A2. The configuration of the compressor 500:
FIG. 2 is a perspective view showing the configuration of the compressor 500 of the present embodiment. The compressor 500 is a device that compresses air and supplies it as a cathode gas to the fuel cell 10 via the cathode gas supply flow path 34B. The compressor 500 mainly includes a drive source 510 (for example, a motor), a pulley 520, A pulley 540, a timing belt 530, and a compression unit 590 are included. The compression part 590 is a characteristic part of the present invention that is connected to the shaft 550, a cylinder (not shown), a piston (not shown) that moves in the cylinder in response to the rotation of the shaft 550, and the shaft 550. A dynamic balance variable mechanism 600 is provided. In the compressor 500, the drive source 510 rotates the pulley 520 when instructed by the control circuit 400. When the pulley 520 rotates, the timing belt 530 also rotates, and accordingly, the pulley 540 rotates, and as a result, the shaft 550 rotates. In the compression unit 590, when the shaft 550 rotates, the piston operates correspondingly to compress the air in the cylinder supplied from the cathode gas supply channel 34A and supply the compressed air to the cathode gas supply channel 34B.

  The compressor 500 is connected to the fuel cell 10 via a stay 570 in addition to the cathode gas supply channel 34B. The stay 570 is preferably a member that easily transmits vibration. For example, the stay 570 may be made of iron, aluminum, SUS, copper, or the like. The stay 570 corresponds to a predetermined rigid body in the claims.

  FIG. 3 is a diagram illustrating a dynamic balance variable mechanism 600 connected to the shaft 550 in the compressor 500 of FIG. FIG. 3A is a view of the dynamic balance variable mechanism 600 as viewed in the x direction in FIG. FIG. 3B is a view of the dynamic balance variable mechanism 600 in FIG. 2 as viewed in the y direction.
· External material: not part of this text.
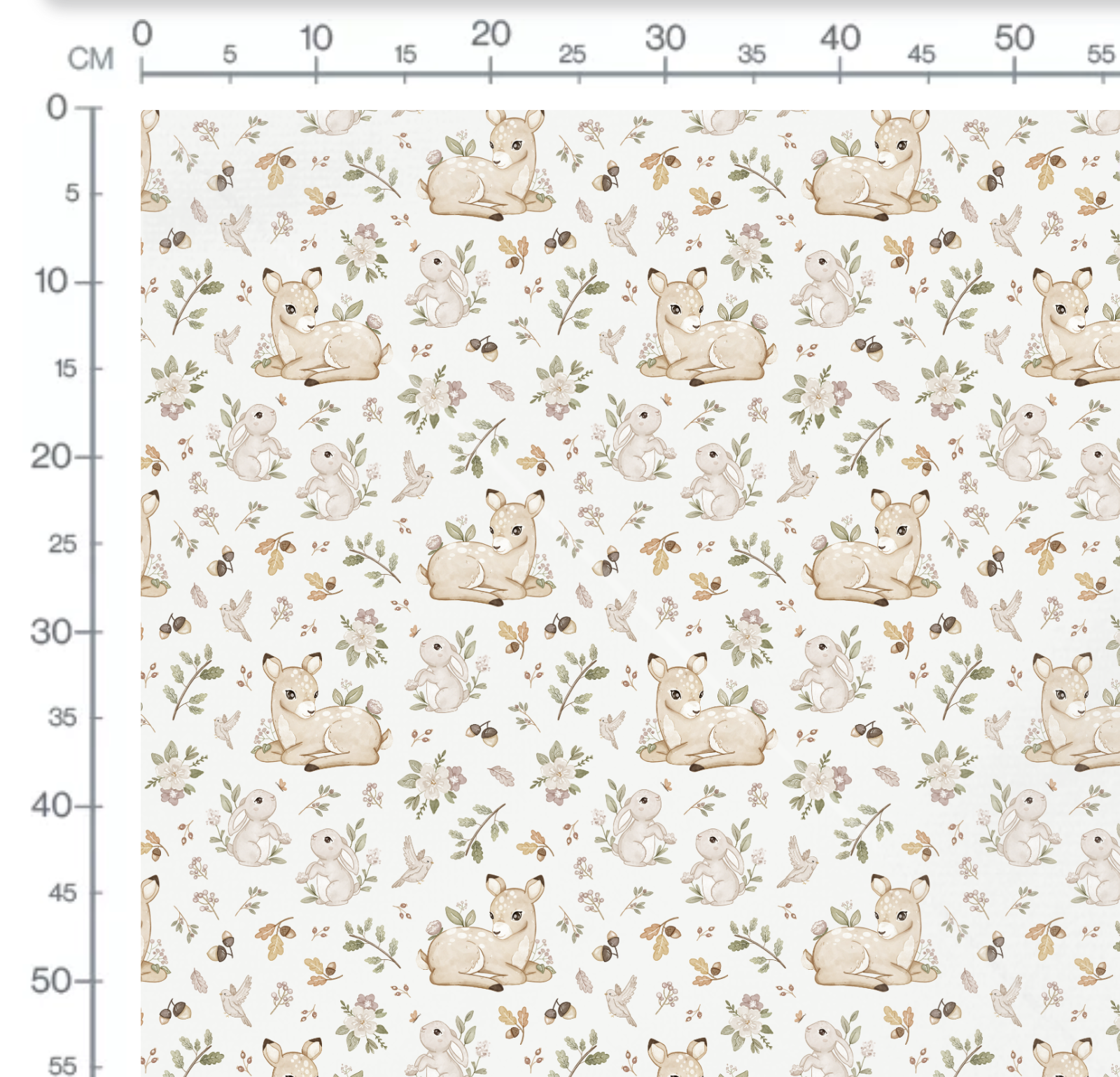 Tissu Imprimé Faon Lapin Mignon Crème, 11 tissus au choix – Image 2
  The dynamic balance variable mechanism 600, which is a characteristic part of the present invention, is a device for vibrating the compressor 500. As shown in FIG. 3, an iron weight 630, a guide rail 610, electromagnets 620R and L, and an electromagnet. A control circuit 640 and a stopper (not shown) provided on the guide rail 610 and capable of stopping the movement of the weight 630 are provided. As shown in FIG. 3B, the case where the weight 630 is near the approximate center of the dynamic balance variable mechanism 600 is hereinafter referred to as a home position. The weight 630 is located at this home position before the operation of the fuel cell 10 is started.

  FIG. 4 is a diagram illustrating a state after the weight 630 moves in FIG. The electromagnet control circuit 640 includes a predetermined power source (for example, a battery). Based on an instruction from the vibration control unit 420 of the control circuit 400, the electromagnet control circuit 640 causes a current to flow through the electromagnet 620R or the electromagnet 620L. The weight 630 is attracted and moved toward the electromagnet 620R or the electromagnet 620L along the guide rail 610.
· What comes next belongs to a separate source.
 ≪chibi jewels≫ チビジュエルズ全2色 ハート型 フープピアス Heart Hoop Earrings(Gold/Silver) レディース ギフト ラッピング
  For example, when the electromagnet control circuit 640 receives an instruction (radio wave) to move the weight 630 in the x direction from the vibration control unit 420 of the control circuit 400 when the weight 630 is at the home position, as shown in FIG. Then, a predetermined amount of current is passed through the electromagnet 620L to move the weight 630 to the vicinity of the electromagnet 620L (hereinafter referred to as a vibration position). In addition, when the electromagnet control circuit 640 receives an instruction (radio wave) for returning the weight 630 to the home position from the vibration control unit 420 while the weight 630 is in the vibration position, the electromagnet control circuit 640 receives a predetermined amount of current in the electromagnet 620R. To move the weight 630 in the home position direction. In the dynamic balance variable mechanism 600, when the weight 630 moves to the home position, the stopper operates and stops at the home position.

  Note that the vibration position described above is a position that is eccentric with respect to the rotation axis of the shaft 550. Further, the weight 630 is made of iron, but may be any metal as long as it adheres to the magnet. For example, the weight 630 may be made of SUS instead of iron.

A3. Flooding suppression processing:
FIG. 5 is a flowchart showing flooding suppression processing. The flooding suppression process will be described below. This flooding suppression process is a process for determining whether or not flooding has occurred in the fuel cell 10 and performing control for suppressing the flooding if it has occurred. The flooding suppression process is a process that is periodically performed during operation of the fuel cell 10 (fuel cell system 100) or stop operation, and is performed while the compressor 500 is in operation.

  Specifically, the flooding determination unit 410 first detects the electromotive voltage Va of each cell of the fuel cell 10 from the voltage sensor V1 (step S10).

  Next, the flooding determination unit 410 calculates an average electromotive voltage Vav from the detected electromotive voltage Va of each cell (step S20).

  Subsequently, the flooding determination unit 410 sets a reference voltage Vk that is a certain level lower voltage from the calculated average electromotive voltage Vav (step S30).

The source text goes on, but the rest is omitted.